Question

The sum of three numbers is 92. The second number is three times the first and the third exceeds the second by 8. The three number are:
$A.$ 14, 36, 42
$B.$ 18, 30, 44
$C.$ 8, 38, 46
$D.$ 12, 36, 44

Answer 1

Hint:Take the first number as ’x’. Thus, find the second and third number with the given information. Add three 3 numbers and equate it to 92. Thus, get the value of x and first the 3 numbers.
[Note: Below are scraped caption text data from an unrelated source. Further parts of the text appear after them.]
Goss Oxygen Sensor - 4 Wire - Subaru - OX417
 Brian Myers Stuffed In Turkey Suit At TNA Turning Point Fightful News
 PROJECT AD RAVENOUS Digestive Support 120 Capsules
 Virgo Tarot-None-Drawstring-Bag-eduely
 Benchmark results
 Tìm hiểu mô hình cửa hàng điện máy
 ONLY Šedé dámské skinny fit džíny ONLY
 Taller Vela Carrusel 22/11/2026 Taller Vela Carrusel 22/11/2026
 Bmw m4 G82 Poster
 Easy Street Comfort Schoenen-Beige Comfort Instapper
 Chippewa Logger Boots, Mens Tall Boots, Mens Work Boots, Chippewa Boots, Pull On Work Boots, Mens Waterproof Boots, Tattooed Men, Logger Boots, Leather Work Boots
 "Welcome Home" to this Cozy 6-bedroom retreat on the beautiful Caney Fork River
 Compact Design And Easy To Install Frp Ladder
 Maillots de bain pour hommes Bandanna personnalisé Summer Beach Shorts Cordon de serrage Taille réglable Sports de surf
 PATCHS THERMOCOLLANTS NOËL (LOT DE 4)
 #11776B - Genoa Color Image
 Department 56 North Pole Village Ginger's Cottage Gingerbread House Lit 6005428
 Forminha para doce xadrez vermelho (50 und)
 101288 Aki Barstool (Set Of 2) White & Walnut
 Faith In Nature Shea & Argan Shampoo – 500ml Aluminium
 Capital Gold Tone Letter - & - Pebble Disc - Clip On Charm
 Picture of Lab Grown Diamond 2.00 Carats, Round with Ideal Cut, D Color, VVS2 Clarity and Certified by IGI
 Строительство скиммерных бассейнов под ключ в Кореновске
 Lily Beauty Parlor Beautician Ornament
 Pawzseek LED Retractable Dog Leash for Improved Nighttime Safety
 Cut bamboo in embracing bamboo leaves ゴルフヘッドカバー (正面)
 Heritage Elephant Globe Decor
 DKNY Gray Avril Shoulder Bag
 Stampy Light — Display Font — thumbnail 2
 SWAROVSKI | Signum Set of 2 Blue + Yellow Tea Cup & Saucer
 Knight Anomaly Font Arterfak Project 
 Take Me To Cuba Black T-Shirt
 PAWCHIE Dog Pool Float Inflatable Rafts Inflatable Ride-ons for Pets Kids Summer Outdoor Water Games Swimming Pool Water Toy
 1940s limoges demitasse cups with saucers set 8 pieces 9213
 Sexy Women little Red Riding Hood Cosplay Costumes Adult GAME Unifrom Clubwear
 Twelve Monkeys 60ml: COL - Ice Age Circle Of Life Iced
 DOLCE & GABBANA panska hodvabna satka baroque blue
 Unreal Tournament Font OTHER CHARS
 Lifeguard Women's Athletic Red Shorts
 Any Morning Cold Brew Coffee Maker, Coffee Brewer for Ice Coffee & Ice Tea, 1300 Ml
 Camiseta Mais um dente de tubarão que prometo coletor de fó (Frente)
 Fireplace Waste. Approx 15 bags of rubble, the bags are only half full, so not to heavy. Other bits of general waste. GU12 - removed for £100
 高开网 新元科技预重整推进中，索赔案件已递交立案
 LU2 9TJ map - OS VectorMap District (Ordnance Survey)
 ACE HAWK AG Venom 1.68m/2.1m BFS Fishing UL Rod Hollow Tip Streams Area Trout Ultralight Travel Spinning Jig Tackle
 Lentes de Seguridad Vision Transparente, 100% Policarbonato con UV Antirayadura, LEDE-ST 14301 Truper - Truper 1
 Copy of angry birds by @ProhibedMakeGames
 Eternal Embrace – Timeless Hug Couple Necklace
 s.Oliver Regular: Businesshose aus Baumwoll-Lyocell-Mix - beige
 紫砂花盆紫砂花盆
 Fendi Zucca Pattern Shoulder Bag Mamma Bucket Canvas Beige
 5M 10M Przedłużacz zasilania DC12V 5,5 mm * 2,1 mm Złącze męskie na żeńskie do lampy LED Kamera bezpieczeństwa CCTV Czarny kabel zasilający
Complete step-by-step answer:
It is given that the sum of three numbers is 92.
Let us consider the first number as ‘x’.
It is said that the second number is three times the first. Thus, the 2nd number = 3x.
The third number exceed the second number by 8
$\therefore $ Third number = second number + 8
= 3x + 8
 Thus, the three numbers are x, 3x, (3x + 8). Their sum in 92.
$\therefore $ x + 3x +(3x + 8) = 92
7x + 8 = 92
7x = 92 – 8
7x = 84
$\therefore x=\dfrac{84}{7}=12$
Thus, we got the 1st number = x = 12
Second number $=3x=3\times 12=36$.
Third number = 3x + 8 = $3\times 12+8$ = 36 + 8 = 44
Thus, we got the three numbers as 12, 36, 44.
$\therefore $ option (D) is the correct answer.
Note: Students sometimes add each option given to make sure if the sum is 92 But it is wrong here all of their sum is 92,you have to consider the numbers as x, 3x, (3x + 8) in order to solve the given equation.